● **YOUR TASK**: With pictures omitted, transcribe exactly the lines from the one containing "56 Carnival Court, Toronto, Ontario" to the end of the records below.

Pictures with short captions

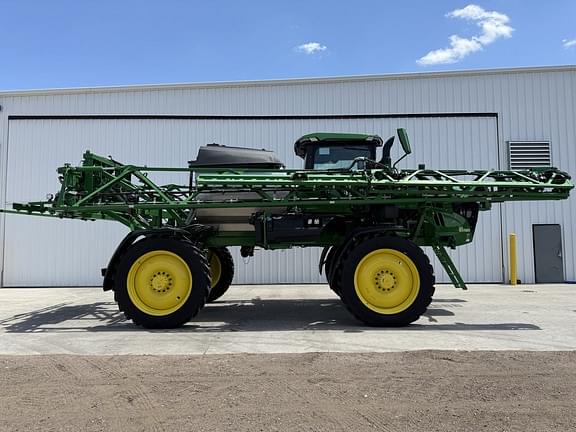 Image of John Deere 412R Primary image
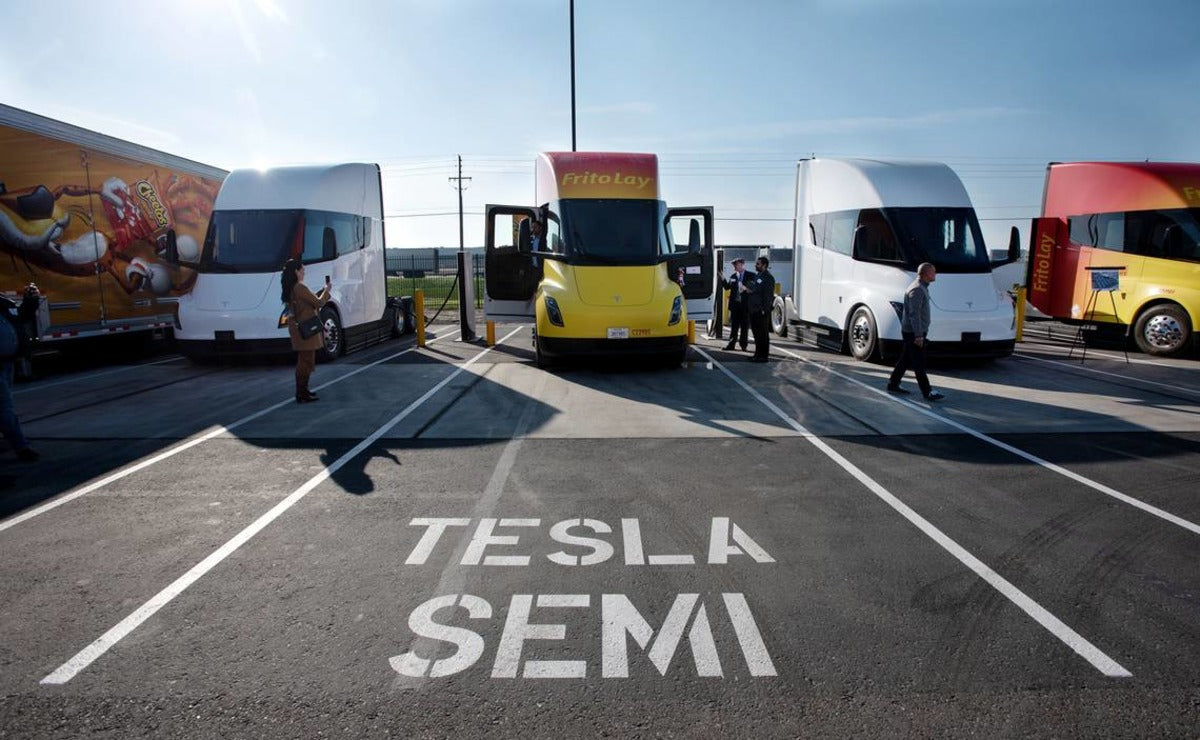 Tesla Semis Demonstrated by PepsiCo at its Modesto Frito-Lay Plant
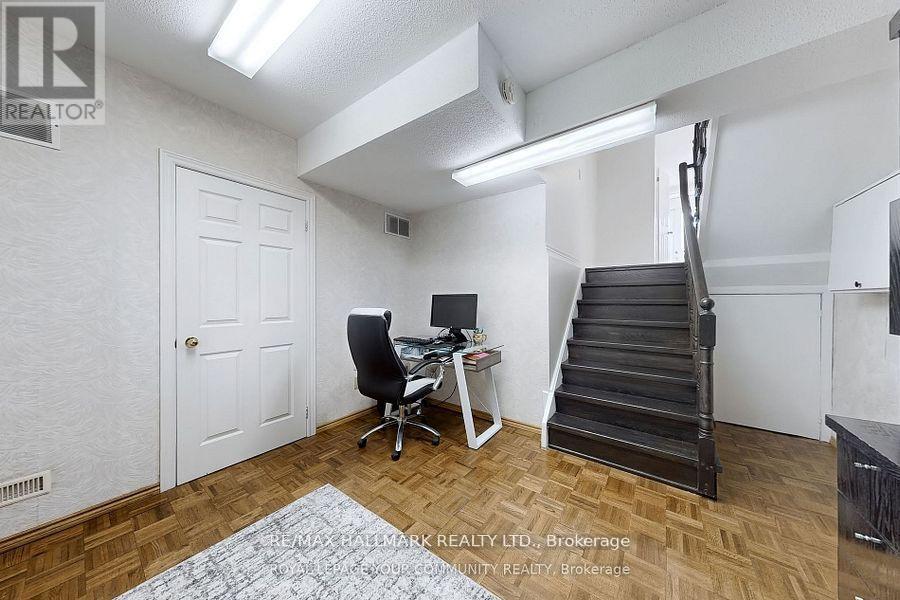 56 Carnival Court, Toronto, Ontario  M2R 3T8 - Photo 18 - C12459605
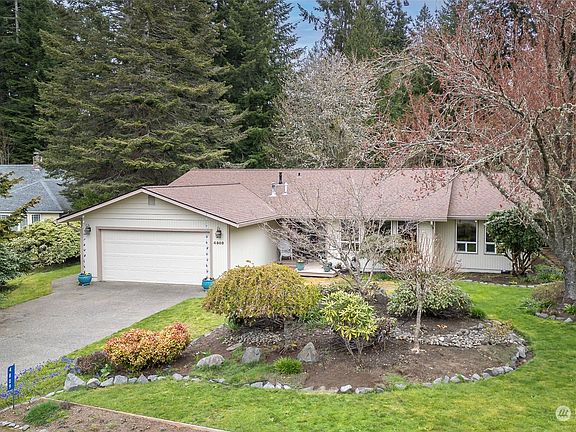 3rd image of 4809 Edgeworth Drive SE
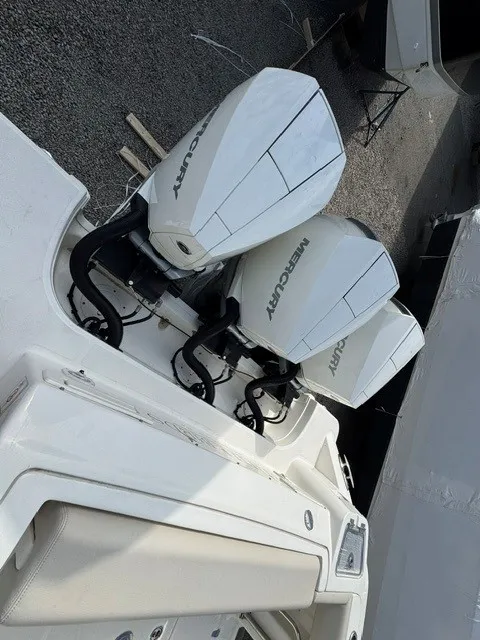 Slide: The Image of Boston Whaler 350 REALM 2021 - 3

● **SOLUTION FOR THIS PROBLEM**:
 56 Carnival Court, Toronto, Ontario  M2R 3T8 - Photo 18 - C12459605
 3rd image of 4809 Edgeworth Drive SE
 Slide: The Image of Boston Whaler 350 REALM 2021 - 3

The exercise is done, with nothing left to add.